Corporate FP&A can play a key role in companies identifying areas to cut costs, in part by tracking reductions in the enterprise’s total cost base. The overarching goal in some cases is to help the corporate meet operating margin targets as it reallocates capital. The topic is particularly relevant now, with many companies seeking to reduce expenses amid higher inflation and interest costs as well as forecasts of slowing economic growth.
- Indeed, finance leaders have increased focus on cutting costs to prepare their firms for potential economic and geopolitical uncertainty, according to the fourth annual U.S. Bank CFO Insights Report. It found that these leaders are prioritizing investments in technology (47%) over layoffs (21%) as the primary solution for cutting costs in the next 12 months.

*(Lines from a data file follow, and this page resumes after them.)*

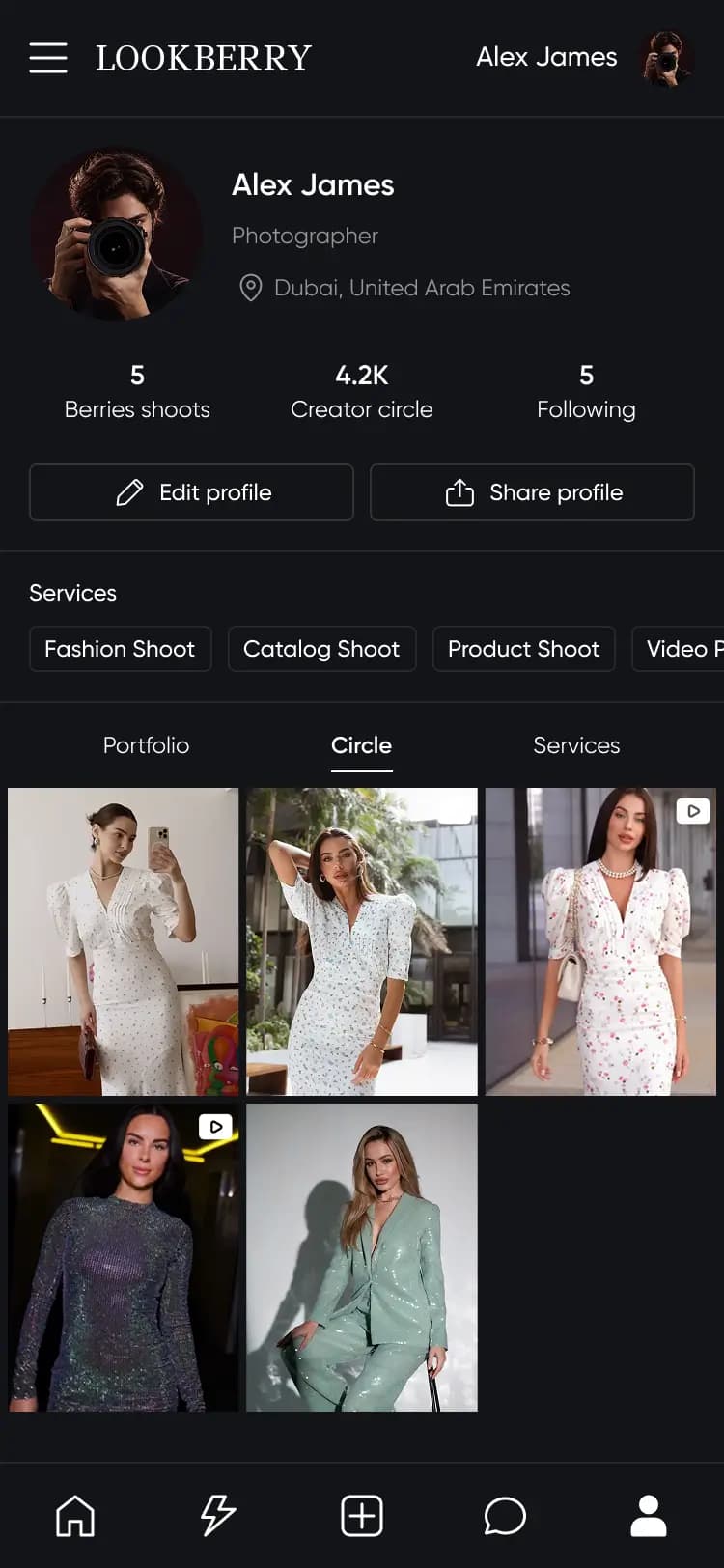 Креативный круг фотографа в приложении LookBerry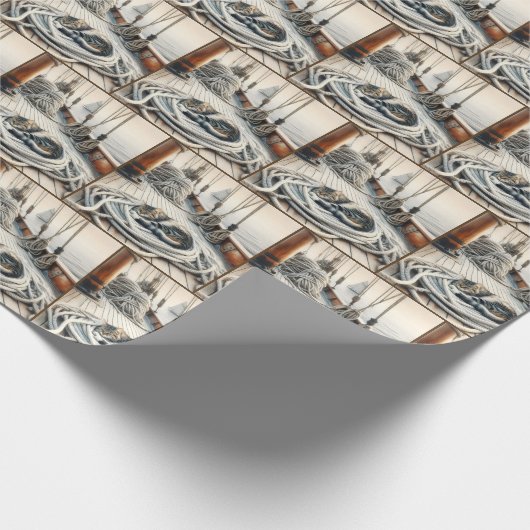 Tabby Kat Slapen Op Boot Touwen Cadeaupapier (Hoek)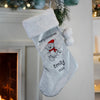 Personalised My 1st Christmas Teddy Silver Grey Stocking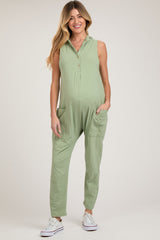 Light Olive Hooded Button Up Maternity Jumpsuit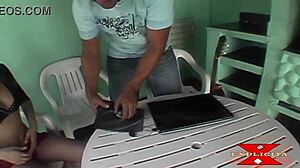 Festive encounter escalates to hardcore sex with anal assfucking and cumshot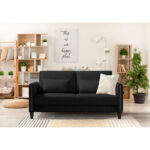 BANK MET BEDFUNCTIE, zwart hout, textiel thumbnail 2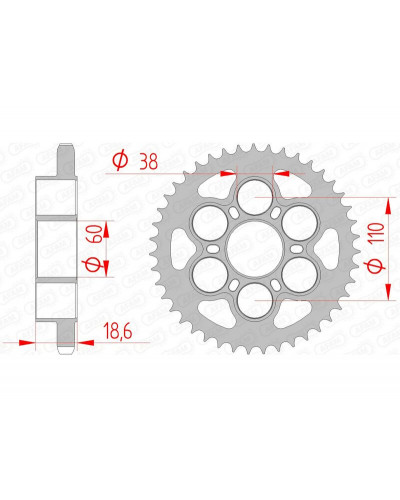 Couronne Moto AFAM Couronne AFAM 39 dents acier pas 525 type 50801 Ducati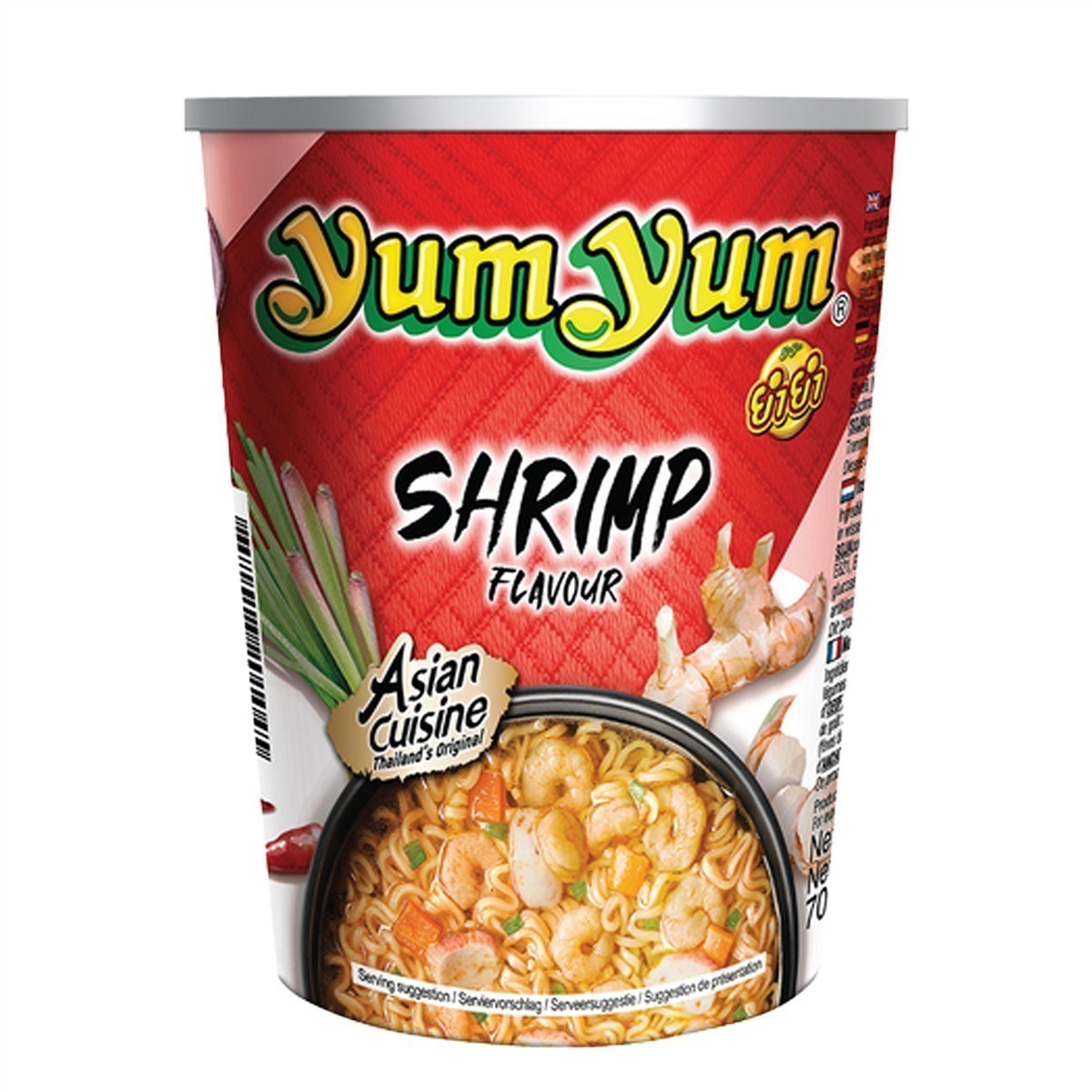 YumYum Shrimp Flavour Cup 36x 70g Asiatische Instant Nudeln mit Garnelengeschmack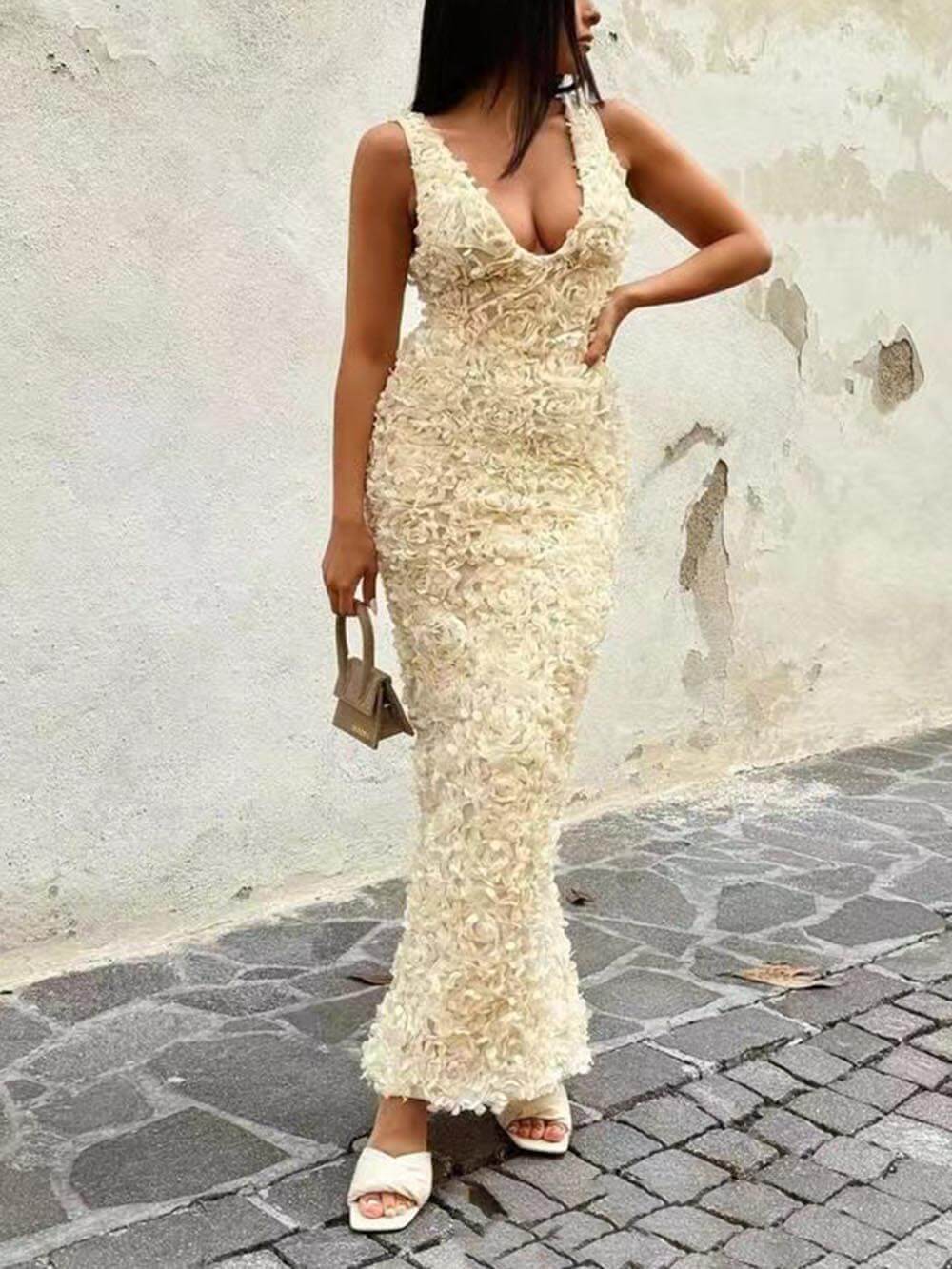 Elegant Floral Applique Deep V Neck Gown Dress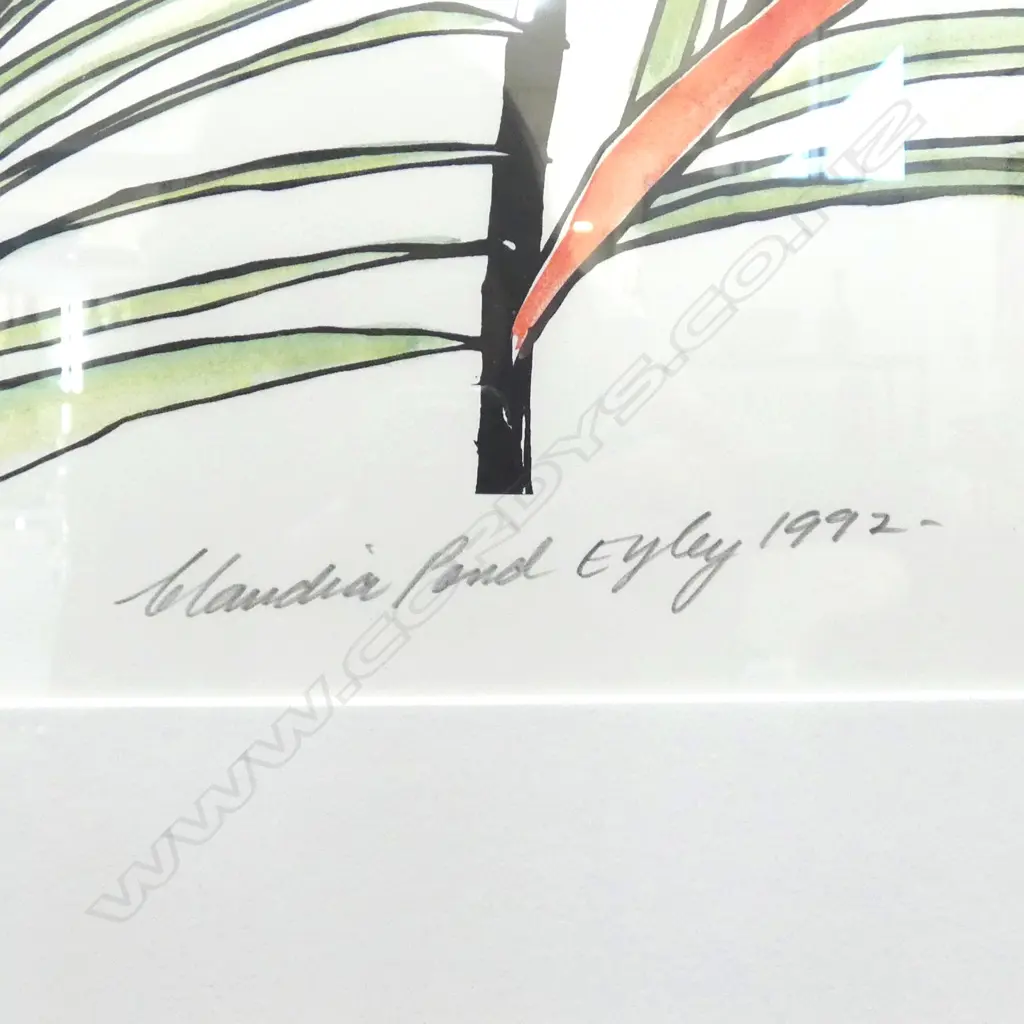 Claudia Pond-Eyley (NZ, 1946-) Hand coloured SILK SCREEN PRINT 'NIKAU AT TAKATU' Ltd. Ed. 1/12. Signed & dated '92 Image 1++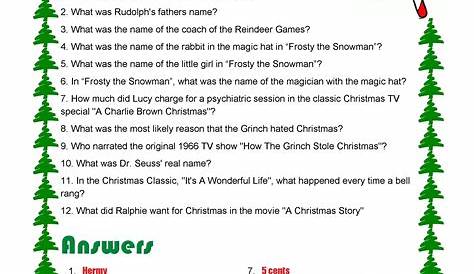 Holiday Movie Trivia...with answers | Christmas trivia, Christmas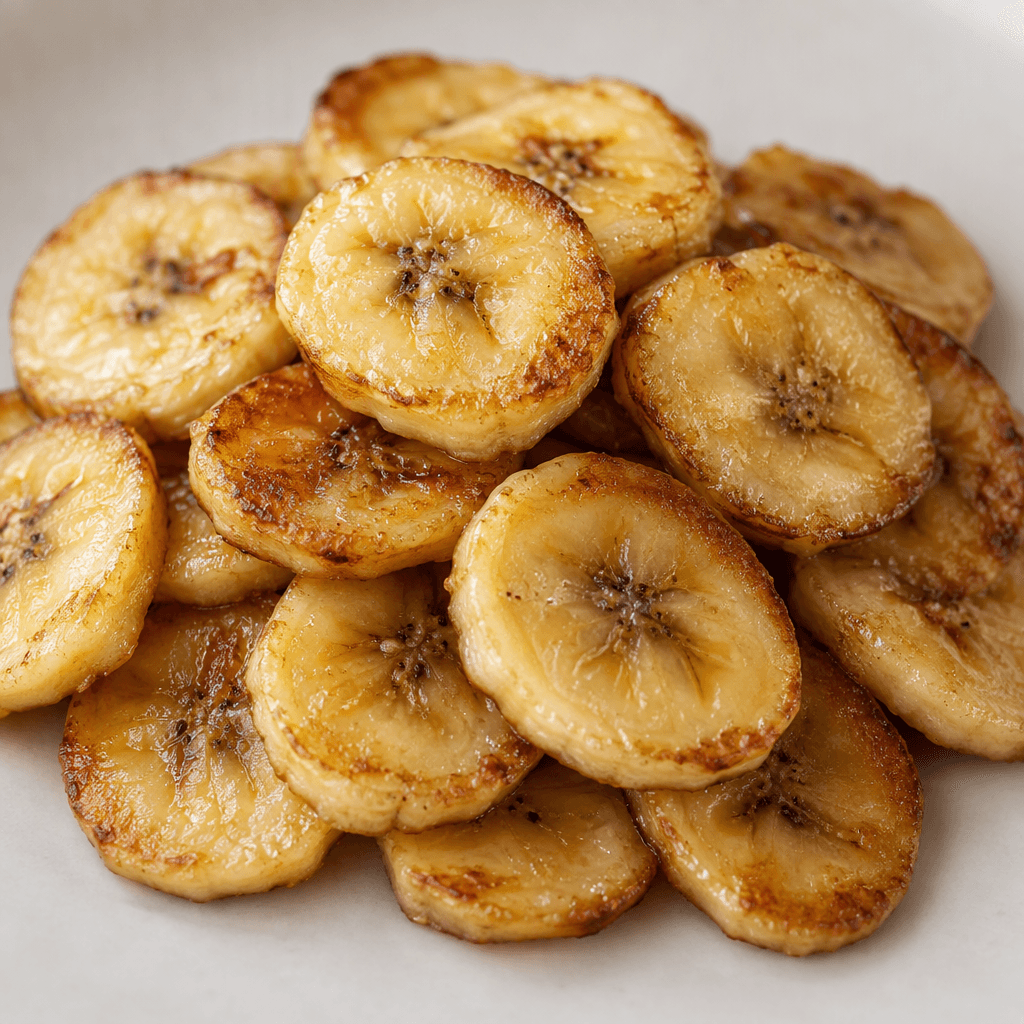 Thin, round banana slices with pale golden surfaces and lightly browned edges are arranged in a small pile, their surfaces slightly glossy and firm.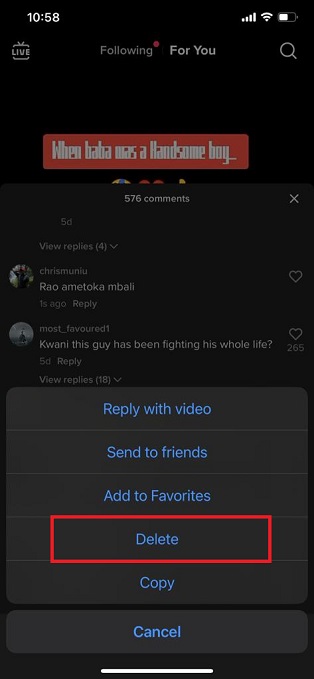 How To Delete a Comment On TikTok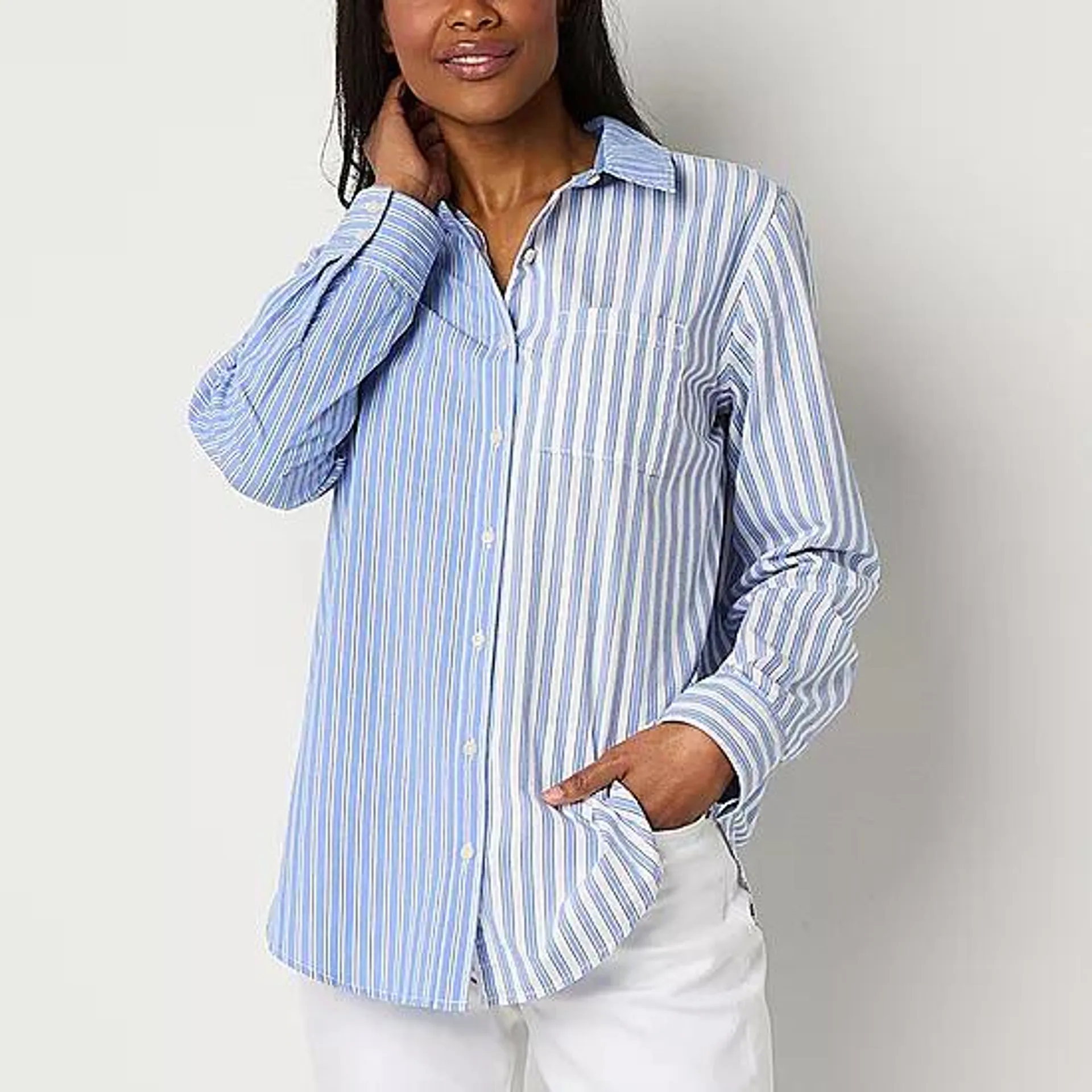 St. John's Bay Womens Long Sleeve Relaxed Fit Button-Down Shirt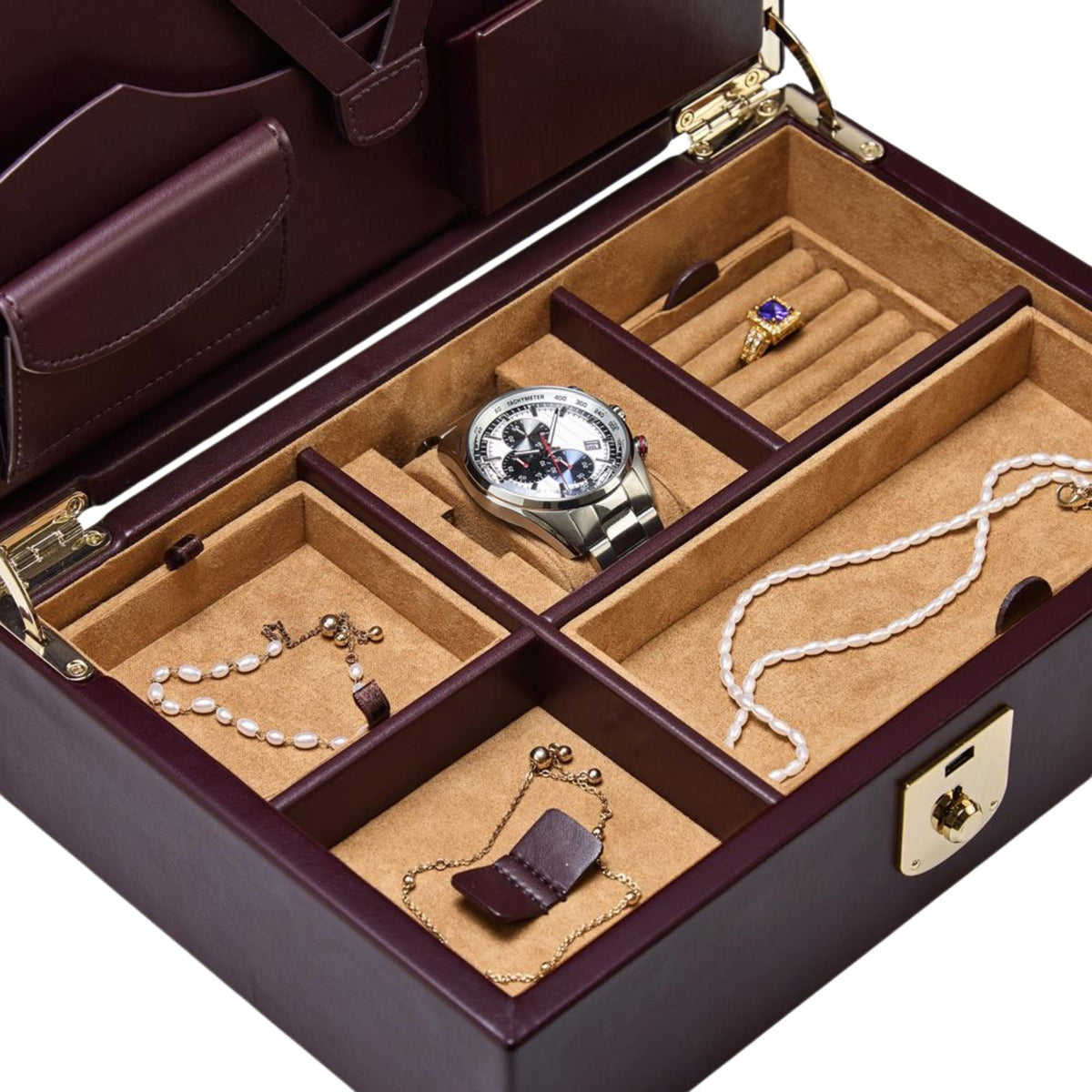 WOLF Philipp 190206 close-up interior view displaying storage compartments filled with watch, ring, and jewellery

Analysis and targets. During a budget planning process, corporate FP&A can do analyses of the magnitude of expense reduction necessary to achieve an operating margin goal, for example. In such cases, targets can be given to business units (BUs), establishing baselines or starting points.
- Then it’s often up to the BUs to figure out how they will hit the targets—ideally looking first at reductions that don’t involve headcount. Levers identified by FP&A may include cutting travel expenses, consultants, sponsorships and contract workers.
- Questions that arise may include whether to recommend that BUs buy less of some product or to negotiate lower prices; in other cases, they may engage contractors to provide a service at a lower cost than the company is paying now by doing it itself. Giving BUs the flexibility to make their own hard choices can be a useful strategy.
- Peer benchmarking and other factors may, of course, make job reductions necessary, including cuts in executive headcount. A related issue that’s heavily scrutinized at some companies is the value corporate teams provide—or don’t provide—to business units.
Buy-in above all. An indispensable component of any effective, top-down, across-the-board expense reduction process is full buy-in from both business unit leaders and the company’s executive leadership. It’s imperative for the C-Suite to communicate their support throughout the organization.
- One reason buy-in is essential is that business units will inevitably push back on the targets they’re asked to meet. People tell you why their function is “special.” This can’t be just FP&A exercise; the message must be “we are all doing this.”
Not one and done. The process described here is not a short-term endeavor; FP&A’s interactions with BUs are ongoing. The process often leads to forecasting and other planning.
- FP&A may also be responsible for helping the enterprise avoid execution risk as the process unfolds, balancing the speed of changes with their scale.
- FP&A’s role includes tracking expense reductions, avoiding double-counting of cuts and maintaining one source of truth on progress.